After decades of inaction from successive governments, it finally seems Westminster is starting to catch up with public concern. But if they are to win over an increasingly cynical public all parties will need show how they actually propose to solve the problem. So far, we’ve seen more rhetoric and piecemeal measures than concrete and coherent plans. To fill this gap, back in May Shelter and KPMG outlined a programme for the 2015 government, outlining how they could solve the housing shortage in one Parliament.
Today, Ed Miliband outlined Labour’s answer with the launch of the Lyons review – and it’s notable that he chose a swing seat, Milton Keynes, in which to do it.

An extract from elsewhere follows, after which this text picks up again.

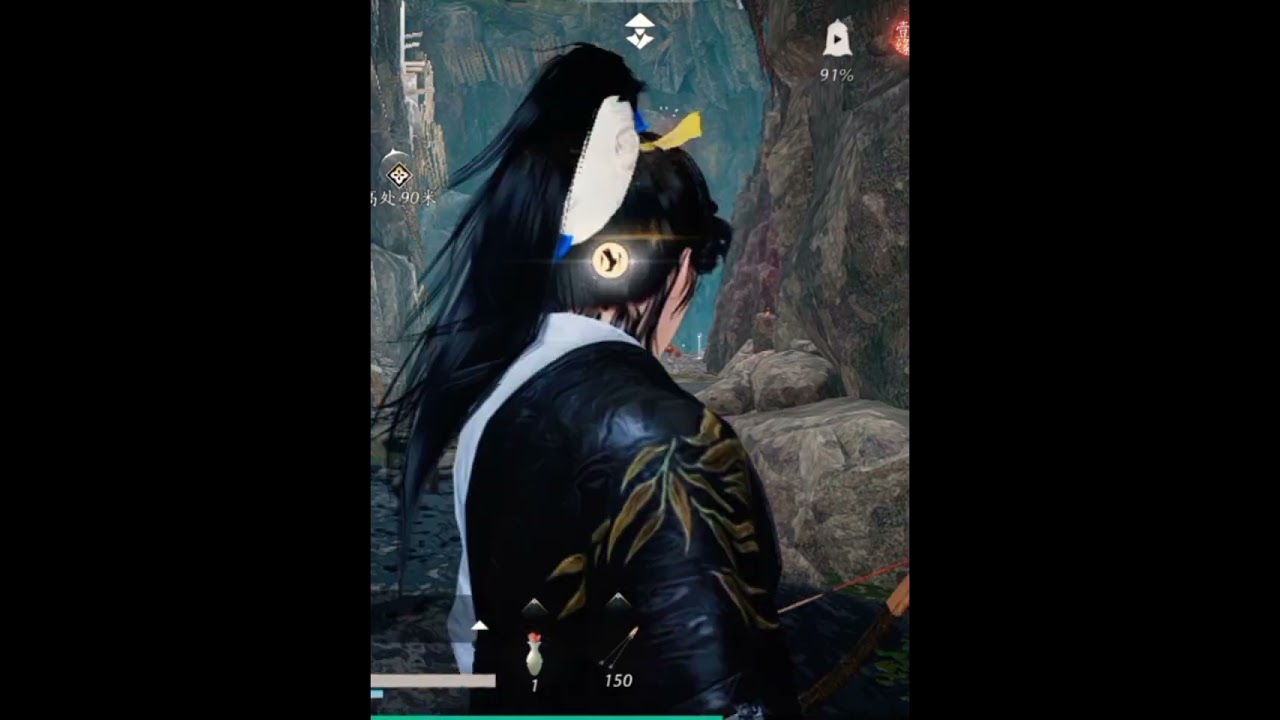 Where Winds Meet Mobile Assassin's (APK-IOS) 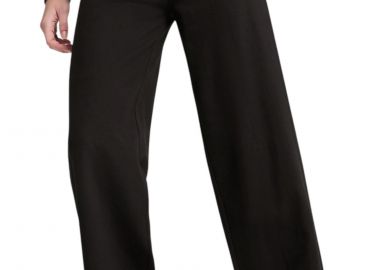 Παντελόνι Puma ESS Logo High-Waist Straight Leg 682428-01 Γυναικείο - Puma -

So how does the review measure up?
On the whole, it’s very encouraging. Many of the recommendations outlined in Shelter/KPMG’s report in May have been adopted. These include a Housing Investment Bank, New Homes Zones and ambitious targets for Garden Cities based closely on our Wolfson Economics Prize submission. Together they represent a credible platform for building the homes we need as a country.
Most importantly, the review identifies England’s dysfunctional land market as the heart of the problem, with some practical solutions and policies offered on how this area can be reformed. This a bold and clear sighted attempt to get to grips with the real reason we don’t build enough homes: the high price of land. If we can get reform of the land supply market right it could push house building into another gear – one that can build more, better and more affordable homes.
Alongside urgently needed social housing, it’s also promising to see the review back lower-cost routes into homeownership for young people facing high house prices. Products like Part-Buy, Part-Rent homes are needed to meet the needs and aspirations of a growing middle market, and our polling shows these are popular with the public. That same polling showed that Lyons’ idea of ‘local homes for first time buyers’ can also prove popular. This continues a growing trend of parties seeking to tap in to the ‘homes for who?’ question: two weeks ago David Cameron announced a starter homes policy which would ban buy-to-let and foreign investors from buying new homes for first time buyers.
That said, there are still gaps.
More detail is needed, particularly on how desperately needed affordable homes can be paid for. While innovative financing and prioritising investment in housing within existing budgets can cover some of the bill, it’s unlikely to be sufficient by itself. Realistically, it just won’t be possible to build the homes we need as quickly as we need them without extra investment to get affordable supply moving while longer term reforms bed in. Money will need to be found: we suggested a minimum of extra £1.25bn a year.
And then there’s next steps. At the moment this is still talk, rather than action. We want to see the Labour Party promise to deliver these measures in full if they win power. After all, in thirteen years in government they built nowhere near enough homes. None of what Sir Michael says will mean much unless it is accompanied by the political will and investment necessary.
On to the election
Thankfully, over the past five years we’ve seen each of the main political parties begin to grapple with this issue in their own particular way. The Lib Dems committed to building 300,000 homes a year, and the Conservatives made ‘Building for Britain’ a central part of the 2014 budget. Influential commentators in and around all three parties are urging them to seize the political opportunity the housing crisis presents.
But they must go further. To date, the Lyons Review represents the most detailed answer to the fundamental questions of housing supply. The coalition parties are due to publish the Elphicke and House review later in the year: we look forward to all parties showing their hand and making the firm commitments our chronic housing shortage demands.